Aktor Erick Estrada kini melebarkan sayap ke dunia produksi film melalui karya terbarunya berjudul Napi: Pesan dari Dalam. Menariknya, proyek film pendek ini melibatkan warga binaan di Lapas Surakarta sebagai pemeran utamanya.
Langkah ini merupakan bentuk kolaborasi antara Erick dengan Kepala Rutan Surakarta, Bhanad Shofa Kurniawan, serta seniman lokal Ki Agung Bakar Setiyoko. Dilansir dari Suara, inisiatif ini bertujuan untuk mengangkat potensi seni di Solo, yang merupakan tanah kelahiran sang aktor.
"Saya sudah menetapkan diri untuk tinggal dan berkarya di Solo agar seniman-seniman Solo menasional," kata Erick dalam keterangan resmi.
Keputusan melibatkan narapidana sebagai aktor didasari oleh pengamatan Erick terhadap keresahan yang dirasakan warga binaan selama masa penahanan.
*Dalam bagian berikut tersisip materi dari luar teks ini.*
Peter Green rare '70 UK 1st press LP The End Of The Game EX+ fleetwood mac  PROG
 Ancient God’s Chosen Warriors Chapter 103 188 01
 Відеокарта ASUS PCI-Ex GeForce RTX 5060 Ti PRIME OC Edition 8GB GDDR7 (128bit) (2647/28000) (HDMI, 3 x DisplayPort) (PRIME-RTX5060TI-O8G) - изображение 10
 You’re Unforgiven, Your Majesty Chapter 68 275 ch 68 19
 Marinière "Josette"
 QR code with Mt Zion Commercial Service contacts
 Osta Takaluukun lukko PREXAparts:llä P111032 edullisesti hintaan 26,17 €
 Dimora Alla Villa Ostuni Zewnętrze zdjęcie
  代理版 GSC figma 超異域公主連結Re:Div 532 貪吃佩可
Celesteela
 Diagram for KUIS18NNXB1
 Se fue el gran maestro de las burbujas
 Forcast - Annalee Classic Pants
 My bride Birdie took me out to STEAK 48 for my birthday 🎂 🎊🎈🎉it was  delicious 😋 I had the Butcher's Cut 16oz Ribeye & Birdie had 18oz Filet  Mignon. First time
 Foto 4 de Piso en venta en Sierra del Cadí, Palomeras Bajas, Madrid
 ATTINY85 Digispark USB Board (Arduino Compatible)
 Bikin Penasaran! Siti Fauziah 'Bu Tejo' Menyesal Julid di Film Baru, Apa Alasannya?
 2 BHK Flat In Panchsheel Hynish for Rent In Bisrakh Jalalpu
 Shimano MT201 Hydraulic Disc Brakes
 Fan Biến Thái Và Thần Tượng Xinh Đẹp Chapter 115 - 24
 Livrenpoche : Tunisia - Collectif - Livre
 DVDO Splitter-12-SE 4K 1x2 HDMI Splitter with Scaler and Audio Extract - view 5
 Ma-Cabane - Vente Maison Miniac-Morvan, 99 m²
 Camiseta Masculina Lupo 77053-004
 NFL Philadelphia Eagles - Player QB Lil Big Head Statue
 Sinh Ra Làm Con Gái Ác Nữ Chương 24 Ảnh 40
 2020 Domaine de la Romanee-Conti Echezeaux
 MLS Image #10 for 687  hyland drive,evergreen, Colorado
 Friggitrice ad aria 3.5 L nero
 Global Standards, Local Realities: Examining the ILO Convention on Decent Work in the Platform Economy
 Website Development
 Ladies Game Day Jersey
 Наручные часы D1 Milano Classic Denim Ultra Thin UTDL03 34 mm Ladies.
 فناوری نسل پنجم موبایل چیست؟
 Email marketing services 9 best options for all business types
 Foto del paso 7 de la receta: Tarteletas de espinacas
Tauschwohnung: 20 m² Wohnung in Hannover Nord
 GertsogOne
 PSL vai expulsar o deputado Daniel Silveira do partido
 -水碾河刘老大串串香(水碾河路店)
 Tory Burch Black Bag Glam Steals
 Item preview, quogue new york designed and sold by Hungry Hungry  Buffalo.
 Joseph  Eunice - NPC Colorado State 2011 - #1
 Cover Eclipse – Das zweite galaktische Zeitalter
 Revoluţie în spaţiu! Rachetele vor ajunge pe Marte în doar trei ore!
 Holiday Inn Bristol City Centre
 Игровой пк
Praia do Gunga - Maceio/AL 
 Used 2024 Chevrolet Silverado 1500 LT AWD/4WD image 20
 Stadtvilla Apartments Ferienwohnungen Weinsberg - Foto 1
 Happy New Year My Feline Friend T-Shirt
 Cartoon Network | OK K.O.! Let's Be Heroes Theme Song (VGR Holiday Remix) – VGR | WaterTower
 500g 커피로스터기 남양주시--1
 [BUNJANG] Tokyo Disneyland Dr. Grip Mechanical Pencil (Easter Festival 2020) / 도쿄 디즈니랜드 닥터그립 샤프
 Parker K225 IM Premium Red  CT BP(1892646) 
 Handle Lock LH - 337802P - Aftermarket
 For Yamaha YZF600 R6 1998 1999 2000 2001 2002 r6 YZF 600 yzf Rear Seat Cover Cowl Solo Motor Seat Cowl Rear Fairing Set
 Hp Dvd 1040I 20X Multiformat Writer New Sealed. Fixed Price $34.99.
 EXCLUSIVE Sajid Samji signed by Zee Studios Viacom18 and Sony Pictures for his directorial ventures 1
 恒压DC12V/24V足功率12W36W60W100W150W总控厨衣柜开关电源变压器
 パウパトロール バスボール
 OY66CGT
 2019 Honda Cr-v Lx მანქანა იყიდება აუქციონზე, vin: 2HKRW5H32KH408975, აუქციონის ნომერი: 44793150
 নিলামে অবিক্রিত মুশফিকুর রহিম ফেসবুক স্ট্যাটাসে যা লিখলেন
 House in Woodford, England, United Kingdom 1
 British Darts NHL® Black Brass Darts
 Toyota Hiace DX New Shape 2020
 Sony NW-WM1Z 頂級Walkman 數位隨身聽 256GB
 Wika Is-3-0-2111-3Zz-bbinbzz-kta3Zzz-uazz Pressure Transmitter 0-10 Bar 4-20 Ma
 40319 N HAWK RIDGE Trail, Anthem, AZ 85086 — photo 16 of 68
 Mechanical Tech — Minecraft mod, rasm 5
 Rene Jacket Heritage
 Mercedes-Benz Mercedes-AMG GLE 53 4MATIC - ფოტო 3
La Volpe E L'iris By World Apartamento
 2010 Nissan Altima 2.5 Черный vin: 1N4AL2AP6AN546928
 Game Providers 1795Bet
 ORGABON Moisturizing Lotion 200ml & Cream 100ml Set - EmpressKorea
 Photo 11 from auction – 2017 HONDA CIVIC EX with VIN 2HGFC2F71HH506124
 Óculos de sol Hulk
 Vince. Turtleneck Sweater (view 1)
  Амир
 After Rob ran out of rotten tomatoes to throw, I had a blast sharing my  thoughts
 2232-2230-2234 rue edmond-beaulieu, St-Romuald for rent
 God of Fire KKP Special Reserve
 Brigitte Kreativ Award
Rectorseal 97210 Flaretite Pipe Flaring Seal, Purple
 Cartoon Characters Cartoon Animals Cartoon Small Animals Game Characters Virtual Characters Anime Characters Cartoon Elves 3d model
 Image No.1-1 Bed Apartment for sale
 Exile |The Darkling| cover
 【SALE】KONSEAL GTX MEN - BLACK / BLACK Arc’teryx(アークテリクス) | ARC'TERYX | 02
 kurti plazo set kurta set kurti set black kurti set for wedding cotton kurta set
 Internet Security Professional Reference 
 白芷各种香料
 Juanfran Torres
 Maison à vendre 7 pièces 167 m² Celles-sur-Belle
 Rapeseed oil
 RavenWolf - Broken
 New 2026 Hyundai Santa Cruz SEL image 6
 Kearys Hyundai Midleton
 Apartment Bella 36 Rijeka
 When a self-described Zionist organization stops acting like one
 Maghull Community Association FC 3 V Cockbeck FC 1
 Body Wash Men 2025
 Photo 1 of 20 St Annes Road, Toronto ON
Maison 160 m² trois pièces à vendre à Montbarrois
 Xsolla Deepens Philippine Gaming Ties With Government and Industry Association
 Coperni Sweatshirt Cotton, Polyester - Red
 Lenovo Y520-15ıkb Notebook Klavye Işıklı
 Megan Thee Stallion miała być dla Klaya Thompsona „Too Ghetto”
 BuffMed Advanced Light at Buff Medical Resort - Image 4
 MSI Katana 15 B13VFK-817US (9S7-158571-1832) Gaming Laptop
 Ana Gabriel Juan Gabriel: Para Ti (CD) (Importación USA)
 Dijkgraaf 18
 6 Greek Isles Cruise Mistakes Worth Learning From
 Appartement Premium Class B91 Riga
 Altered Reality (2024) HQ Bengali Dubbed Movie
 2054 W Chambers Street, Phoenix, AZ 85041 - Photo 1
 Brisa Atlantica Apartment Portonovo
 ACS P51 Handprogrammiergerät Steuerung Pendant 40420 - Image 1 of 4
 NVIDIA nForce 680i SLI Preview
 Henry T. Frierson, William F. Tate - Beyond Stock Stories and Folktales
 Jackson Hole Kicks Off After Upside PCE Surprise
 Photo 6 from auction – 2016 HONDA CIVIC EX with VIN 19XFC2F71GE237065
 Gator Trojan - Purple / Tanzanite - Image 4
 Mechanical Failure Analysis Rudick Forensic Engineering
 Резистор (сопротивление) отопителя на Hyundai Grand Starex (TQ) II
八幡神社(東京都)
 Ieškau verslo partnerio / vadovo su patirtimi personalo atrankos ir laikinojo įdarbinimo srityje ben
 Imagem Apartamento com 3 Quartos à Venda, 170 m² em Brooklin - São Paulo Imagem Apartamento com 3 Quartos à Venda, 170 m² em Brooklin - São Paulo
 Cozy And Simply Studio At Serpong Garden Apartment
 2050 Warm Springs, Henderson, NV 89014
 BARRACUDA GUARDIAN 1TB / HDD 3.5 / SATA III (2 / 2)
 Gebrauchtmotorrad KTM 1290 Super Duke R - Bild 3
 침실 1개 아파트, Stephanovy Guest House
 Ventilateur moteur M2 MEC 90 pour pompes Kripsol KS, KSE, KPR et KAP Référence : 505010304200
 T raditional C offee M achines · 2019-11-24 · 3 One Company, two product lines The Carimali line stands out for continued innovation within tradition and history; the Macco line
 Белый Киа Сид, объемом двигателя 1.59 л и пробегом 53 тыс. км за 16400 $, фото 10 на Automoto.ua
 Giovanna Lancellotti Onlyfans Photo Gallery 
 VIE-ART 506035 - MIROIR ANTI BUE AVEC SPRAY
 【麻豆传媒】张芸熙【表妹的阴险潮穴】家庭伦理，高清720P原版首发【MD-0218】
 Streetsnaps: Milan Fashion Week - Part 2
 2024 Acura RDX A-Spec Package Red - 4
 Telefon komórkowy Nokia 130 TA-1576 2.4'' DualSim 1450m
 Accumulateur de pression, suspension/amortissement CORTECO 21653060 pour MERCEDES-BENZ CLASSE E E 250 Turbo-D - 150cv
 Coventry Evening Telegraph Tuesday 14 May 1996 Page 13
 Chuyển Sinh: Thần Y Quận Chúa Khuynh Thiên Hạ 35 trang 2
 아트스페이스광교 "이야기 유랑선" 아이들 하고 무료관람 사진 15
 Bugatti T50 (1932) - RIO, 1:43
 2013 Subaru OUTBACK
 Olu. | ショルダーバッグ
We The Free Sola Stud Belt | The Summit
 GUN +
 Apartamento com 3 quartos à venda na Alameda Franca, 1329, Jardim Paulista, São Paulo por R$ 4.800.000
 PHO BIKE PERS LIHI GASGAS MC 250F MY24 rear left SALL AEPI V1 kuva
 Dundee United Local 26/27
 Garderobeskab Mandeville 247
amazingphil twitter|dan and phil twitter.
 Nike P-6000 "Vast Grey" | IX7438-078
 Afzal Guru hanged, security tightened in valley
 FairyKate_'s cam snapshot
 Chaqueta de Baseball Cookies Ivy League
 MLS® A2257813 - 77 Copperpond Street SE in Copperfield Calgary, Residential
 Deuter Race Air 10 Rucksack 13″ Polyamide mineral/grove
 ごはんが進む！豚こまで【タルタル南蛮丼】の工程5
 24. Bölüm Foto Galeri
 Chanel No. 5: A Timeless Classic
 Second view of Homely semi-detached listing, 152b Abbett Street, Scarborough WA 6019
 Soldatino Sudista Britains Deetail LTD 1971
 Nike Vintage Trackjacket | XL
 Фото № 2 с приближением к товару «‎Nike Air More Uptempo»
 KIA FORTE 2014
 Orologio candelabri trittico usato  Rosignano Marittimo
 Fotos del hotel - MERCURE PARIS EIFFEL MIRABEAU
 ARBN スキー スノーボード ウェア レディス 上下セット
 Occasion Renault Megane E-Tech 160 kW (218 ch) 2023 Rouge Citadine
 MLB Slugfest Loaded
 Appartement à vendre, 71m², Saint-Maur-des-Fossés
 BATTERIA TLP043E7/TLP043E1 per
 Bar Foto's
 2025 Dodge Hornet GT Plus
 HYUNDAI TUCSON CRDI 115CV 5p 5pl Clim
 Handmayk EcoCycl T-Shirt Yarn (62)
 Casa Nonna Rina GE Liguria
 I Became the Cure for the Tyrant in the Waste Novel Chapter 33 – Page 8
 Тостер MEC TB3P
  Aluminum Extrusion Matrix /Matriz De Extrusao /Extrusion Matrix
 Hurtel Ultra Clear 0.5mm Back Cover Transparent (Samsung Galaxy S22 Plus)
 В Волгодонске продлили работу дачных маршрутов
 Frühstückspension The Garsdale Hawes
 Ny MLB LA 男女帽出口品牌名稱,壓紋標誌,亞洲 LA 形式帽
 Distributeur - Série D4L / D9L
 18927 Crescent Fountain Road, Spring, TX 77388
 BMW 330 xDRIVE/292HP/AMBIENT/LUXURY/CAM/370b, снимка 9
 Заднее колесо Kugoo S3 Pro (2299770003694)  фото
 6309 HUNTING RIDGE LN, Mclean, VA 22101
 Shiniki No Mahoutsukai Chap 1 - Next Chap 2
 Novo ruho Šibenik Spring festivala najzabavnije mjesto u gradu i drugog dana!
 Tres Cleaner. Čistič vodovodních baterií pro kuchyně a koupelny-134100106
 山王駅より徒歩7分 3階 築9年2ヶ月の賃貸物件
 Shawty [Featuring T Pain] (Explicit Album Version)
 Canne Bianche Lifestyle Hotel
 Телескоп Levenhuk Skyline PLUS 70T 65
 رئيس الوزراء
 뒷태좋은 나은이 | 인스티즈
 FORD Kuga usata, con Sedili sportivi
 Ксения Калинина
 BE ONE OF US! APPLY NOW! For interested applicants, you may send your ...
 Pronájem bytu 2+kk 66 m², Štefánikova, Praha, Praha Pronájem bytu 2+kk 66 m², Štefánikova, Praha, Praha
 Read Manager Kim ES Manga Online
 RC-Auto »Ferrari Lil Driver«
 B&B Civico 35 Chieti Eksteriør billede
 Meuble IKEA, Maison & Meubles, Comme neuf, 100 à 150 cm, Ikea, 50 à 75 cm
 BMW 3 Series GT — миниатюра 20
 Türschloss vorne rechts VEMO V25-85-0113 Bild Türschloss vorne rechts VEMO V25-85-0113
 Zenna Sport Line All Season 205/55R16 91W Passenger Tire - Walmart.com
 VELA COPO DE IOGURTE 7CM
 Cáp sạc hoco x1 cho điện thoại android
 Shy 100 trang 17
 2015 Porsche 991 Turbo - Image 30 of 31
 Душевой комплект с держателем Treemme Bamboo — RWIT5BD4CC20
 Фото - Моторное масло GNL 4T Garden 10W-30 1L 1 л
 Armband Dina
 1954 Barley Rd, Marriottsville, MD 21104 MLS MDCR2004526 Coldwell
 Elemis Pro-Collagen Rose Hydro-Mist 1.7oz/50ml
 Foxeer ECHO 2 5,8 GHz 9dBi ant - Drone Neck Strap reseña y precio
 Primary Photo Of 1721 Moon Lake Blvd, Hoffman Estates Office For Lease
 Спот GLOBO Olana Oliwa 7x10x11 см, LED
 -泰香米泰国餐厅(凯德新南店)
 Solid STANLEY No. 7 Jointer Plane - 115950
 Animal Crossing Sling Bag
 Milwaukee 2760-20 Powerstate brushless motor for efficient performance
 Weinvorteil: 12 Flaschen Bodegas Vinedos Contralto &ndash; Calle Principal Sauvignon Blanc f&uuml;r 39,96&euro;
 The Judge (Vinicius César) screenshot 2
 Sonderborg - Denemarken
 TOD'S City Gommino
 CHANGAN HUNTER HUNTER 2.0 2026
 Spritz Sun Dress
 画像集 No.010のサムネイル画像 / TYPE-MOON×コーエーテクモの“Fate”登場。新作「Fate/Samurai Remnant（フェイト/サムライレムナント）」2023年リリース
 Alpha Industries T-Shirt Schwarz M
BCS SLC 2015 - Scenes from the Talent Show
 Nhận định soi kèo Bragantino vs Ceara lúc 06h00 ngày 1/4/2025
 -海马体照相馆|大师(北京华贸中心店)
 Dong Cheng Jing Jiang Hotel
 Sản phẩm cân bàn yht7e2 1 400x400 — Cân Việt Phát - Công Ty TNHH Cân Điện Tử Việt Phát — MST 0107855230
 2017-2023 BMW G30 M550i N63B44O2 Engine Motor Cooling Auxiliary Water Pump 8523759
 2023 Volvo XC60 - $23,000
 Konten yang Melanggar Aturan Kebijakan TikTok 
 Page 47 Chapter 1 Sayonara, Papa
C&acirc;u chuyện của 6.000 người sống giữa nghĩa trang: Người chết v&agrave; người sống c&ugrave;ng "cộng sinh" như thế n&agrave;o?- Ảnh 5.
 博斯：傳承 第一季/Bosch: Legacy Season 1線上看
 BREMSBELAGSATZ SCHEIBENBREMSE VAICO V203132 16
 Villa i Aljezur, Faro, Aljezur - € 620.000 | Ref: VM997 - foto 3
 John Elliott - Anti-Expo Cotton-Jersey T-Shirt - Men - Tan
Ia menilai kebebasan berkarya dapat menjadi saluran positif bagi mereka yang merasa terkurung dan jenuh.
"Saya melihat ada peluang yang luar biasa, ketika seorang napi yang mempunyai keresahan terkurung bosan kemudian diberi kebebasan berkarya seperti berakting," ujar bintang film Mendung Tanpo Udan tersebut.
Selain memberikan kesempatan berakting, Erick Estrada juga membekali para warga binaan dengan berbagai keterampilan tambahan. Pelatihan yang diberikan meliputi teknik berbicara di depan umum (public speaking) hingga pemanfaatan media sosial.
Mempersiapkan Narapidana Kembali ke Masyarakat
Program pelatihan ini dirancang untuk meningkatkan kepercayaan diri para napi agar tidak merasa rendah diri saat menyelesaikan masa hukuman. Pembekalan keterampilan tersebut diharapkan dapat membantu mereka dalam mencari pekerjaan atau berwirausaha nantinya.
"Di sini saya sekaligus kasih pelatihan public speaking terus caranya menjadi influencer gimana, agar ketika mereka bebas nanti nggak malu mendaftar pekerjaan," imbuh Erick.
Bintang film Yo Wis Ben ini juga menekankan pentingnya kemandirian ekonomi bagi para mantan narapidana. Ia berharap mereka mampu menciptakan peluang kerja baru setelah kembali ke tengah masyarakat.
"Intinya Pesan dari Dalam yang aku ambil dari keresahanku adalah mantan napi ketika keluar dari rutan harus menciptakan lapangan pekerjaan," ucapnya.
Target Festival Film Internasional
Film Napi: Pesan dari Dalam mengangkat kisah tokoh bernama Satrio, seorang warga binaan yang berupaya mencari makna hidup di tengah masa hukumannya di Surakarta. Karakter ini digambarkan harus berjuang melawan stigma negatif masyarakat terhadap statusnya.
Karya kolaboratif ini tidak hanya ditujukan untuk konsumsi domestik, tetapi juga dipersiapkan untuk bersaing di kancah global. Tim produksi berencana mendaftarkan film ini ke sejumlah ajang bergengsi, termasuk Toronto International Film Festival (TIFF) dan Busan International Film Festival (BIFF).